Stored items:
-------------------------
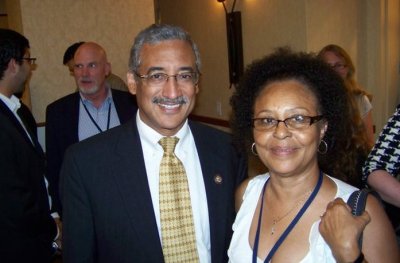 Theresa Watkins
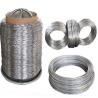 Buy cheap 0.13mm 0.7mm SS Steel Wire 410 304 400 Series Grade Stainless Coil from wholesalers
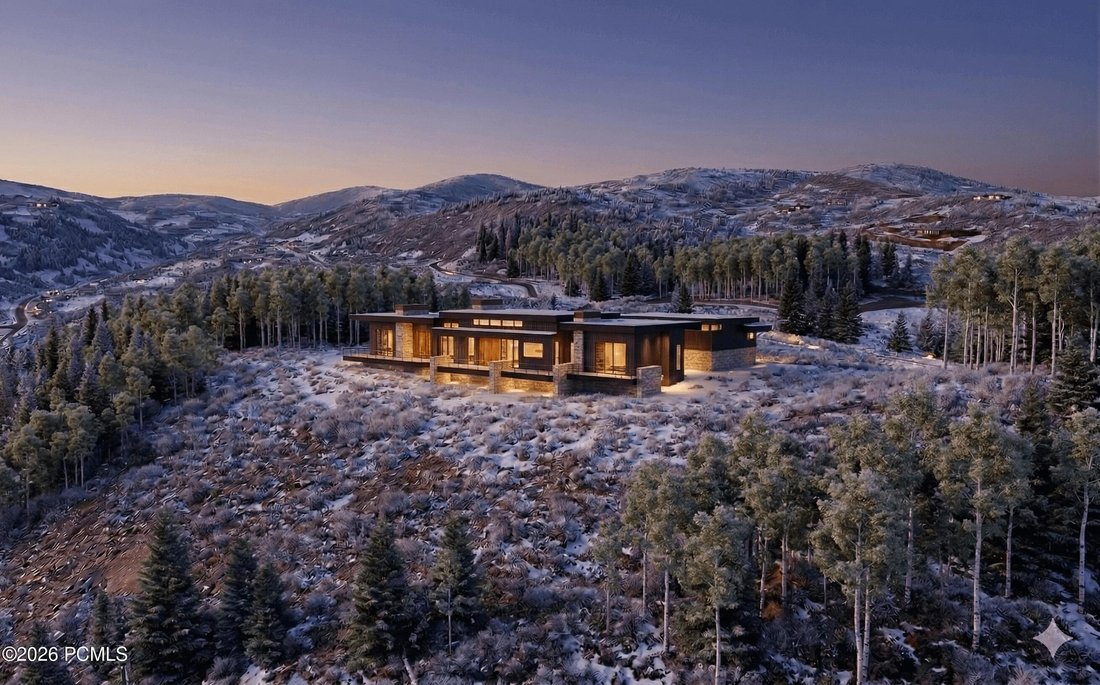 Land in Park City, Utah, United States 4 - 18507707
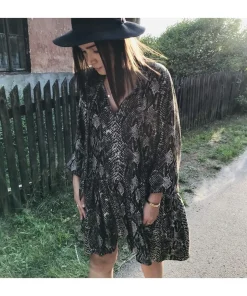 Sukienka MIRA
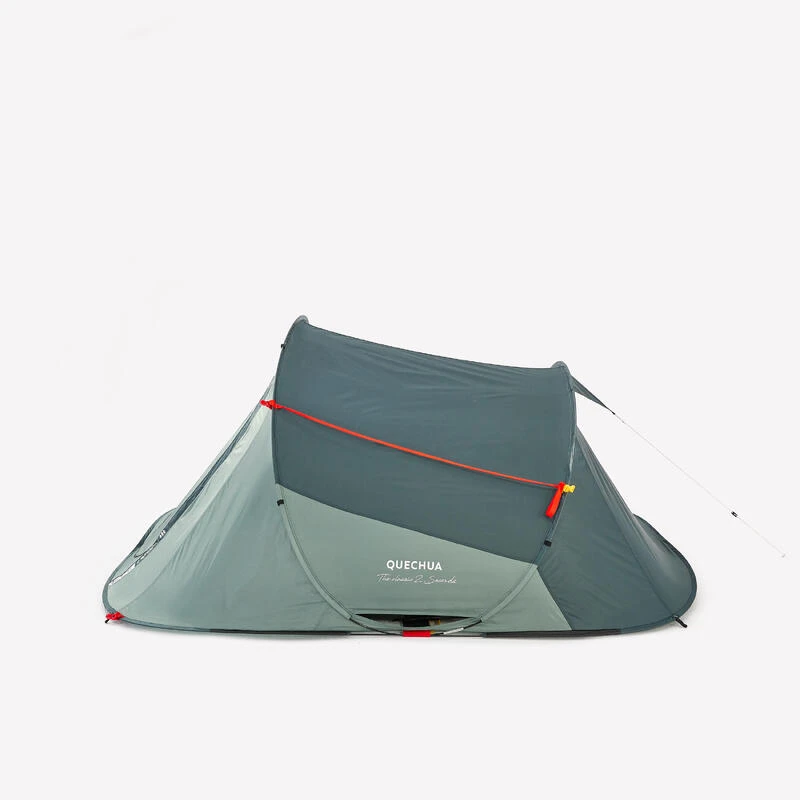 Quechua Tente De Camping - 2 SECONDS - 3 Places – Image 7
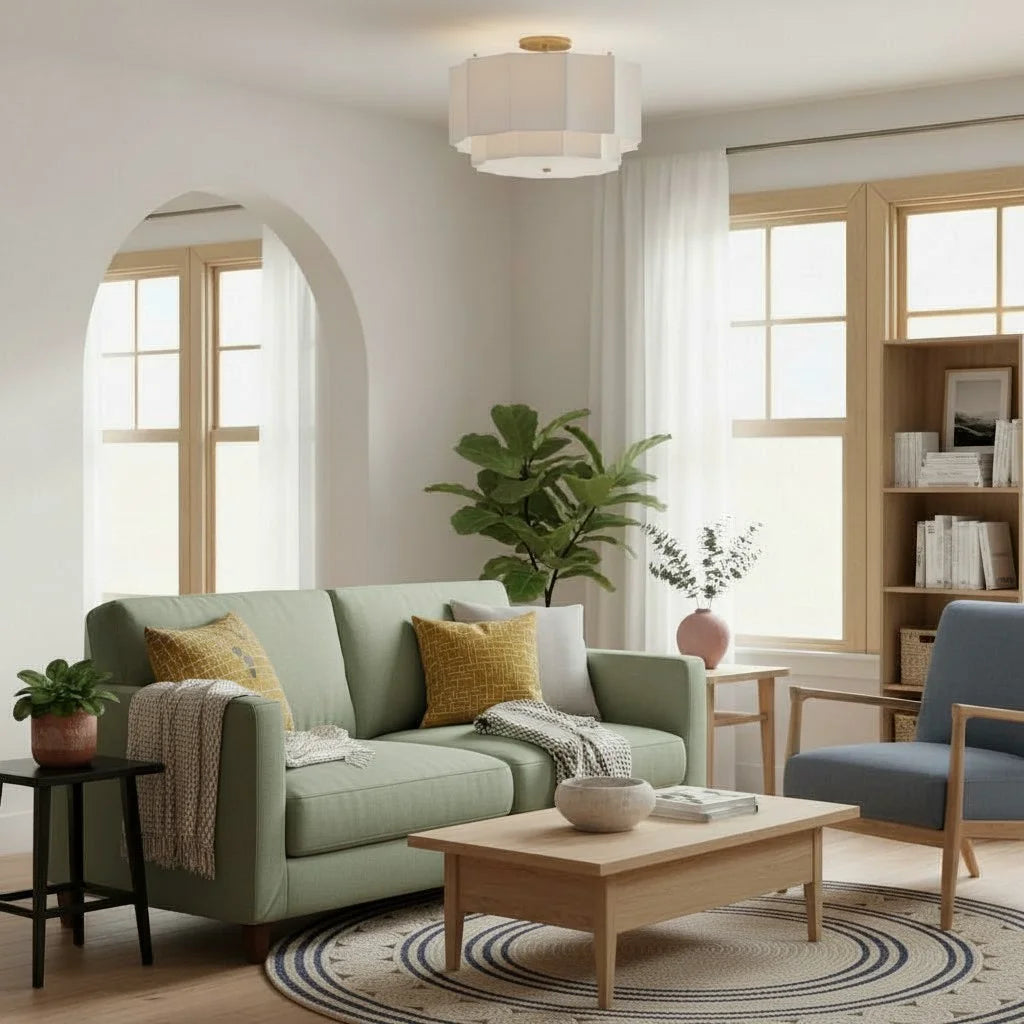 Bane moderne linnen trommel inbouw hanglamp6.webp__PID:d00aa9e3-3c8a-4fea-ab76-9612e018a9de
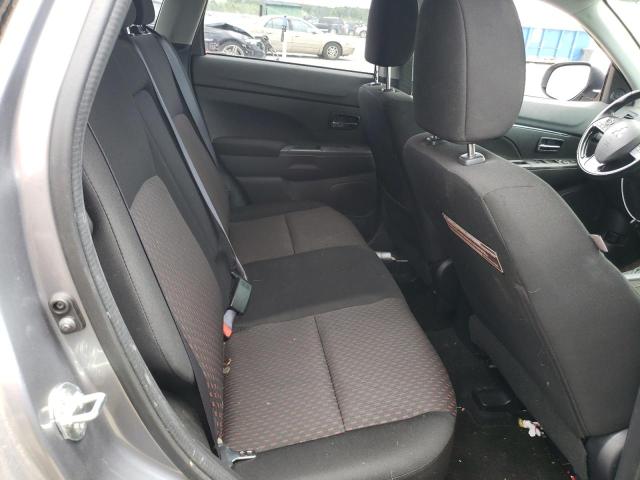 Photo 10 from auction – 2017 MITSUBISHI OUTLANDER with VIN JA4AP3AU0HZ002092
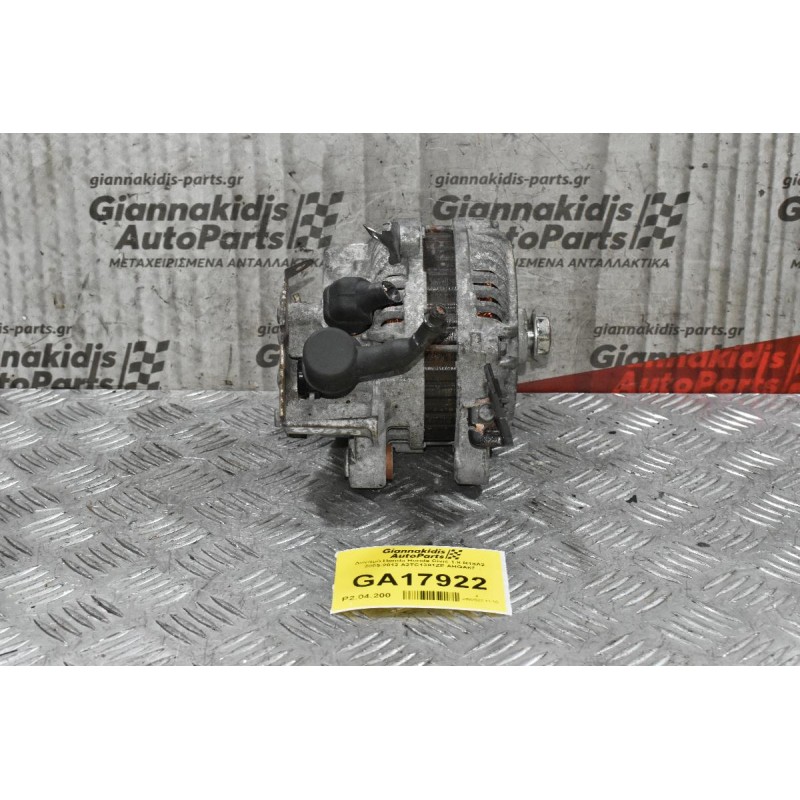 Δυναμό Honda Honda Civic 1.8 R18A2 2005-2012 A2TC1391ZE AHGA67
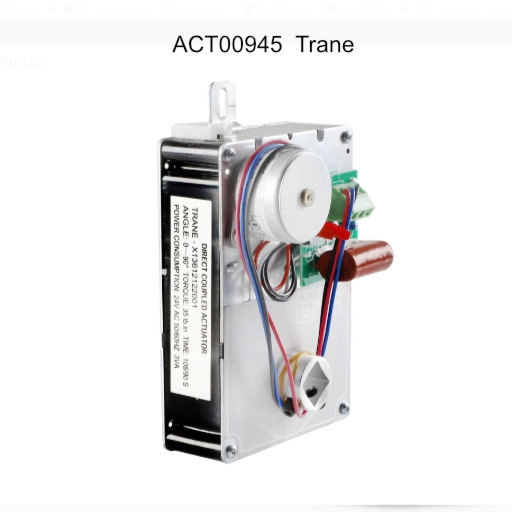 ACT00945 Replaces ACT00471 Trane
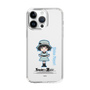 Slim Protection Case［ STEINS;GATE - Chibi character - Mayuri Shiina ］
-------------------------
Problem statement: All of the records above should be written out exactly, with the pictures left out.

Reply:
 Theresa Watkins
 Buy cheap 0.13mm 0.7mm SS Steel Wire 410 304 400 Series Grade Stainless Coil from wholesalers
 Land in Park City, Utah, United States 4 - 18507707
 Sukienka MIRA
 Quechua Tente De Camping - 2 SECONDS - 3 Places – Image 7
 Bane moderne linnen trommel inbouw hanglamp6.webp__PID:d00aa9e3-3c8a-4fea-ab76-9612e018a9de
 Photo 10 from auction – 2017 MITSUBISHI OUTLANDER with VIN JA4AP3AU0HZ002092
 Δυναμό Honda Honda Civic 1.8 R18A2 2005-2012 A2TC1391ZE AHGA67
 ACT00945 Replaces ACT00471 Trane
 Slim Protection Case［ STEINS;GATE - Chibi character - Mayuri Shiina ］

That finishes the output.